Apesar de ser um local voltado para a diversão do público, também é possível que aconteçam cobranças abusivas e que geram dores de cabeça para o cliente. Por isso, para defender o direito do consumidor nas casas noturnas e garantir justiça, acompanhe neste artigo, um pouco mais sobre os elementos que compõem este assunto.

Consumação mínima 

A consumação mínima é uma taxa mínima, estabelecida unilateralmente pelos donos das casas noturnas, onde os clientes são obrigados a consumir ao entrar no estabelecimento. Caso a pessoa não queira ou não consiga consumir o valor pago, não terá seu dinheiro de volta, ou seja, não há escolha: ou consome a sua cota ou irá pagar por algo que não consumiu.
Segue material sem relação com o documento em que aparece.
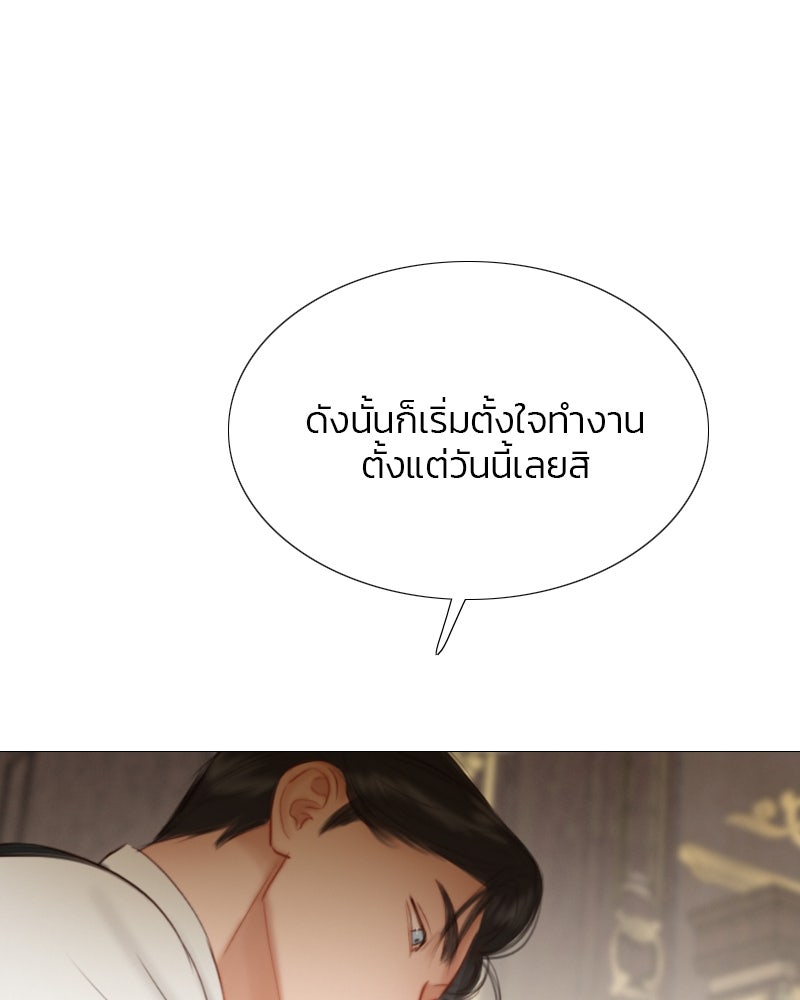 เซเรน่า - หน้า 114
Embora seja uma prática muito comumente utilizada pelos donos das casas noturnas, essa cobrança é condenável desde 1991, quando entrou em vigor a Lei Federal nº 8.078/90 Código de Defesa do Consumidor (CDC).

O CDC estabeleceu, de forma bem clara, no art. 39, inciso l, quando estabelece que é vedado o fornecimento de produto ou serviço condicionado à compra de outro produto ou serviço. É a chamada “venda casada”, prática considerada totalmente abusiva e ilegal.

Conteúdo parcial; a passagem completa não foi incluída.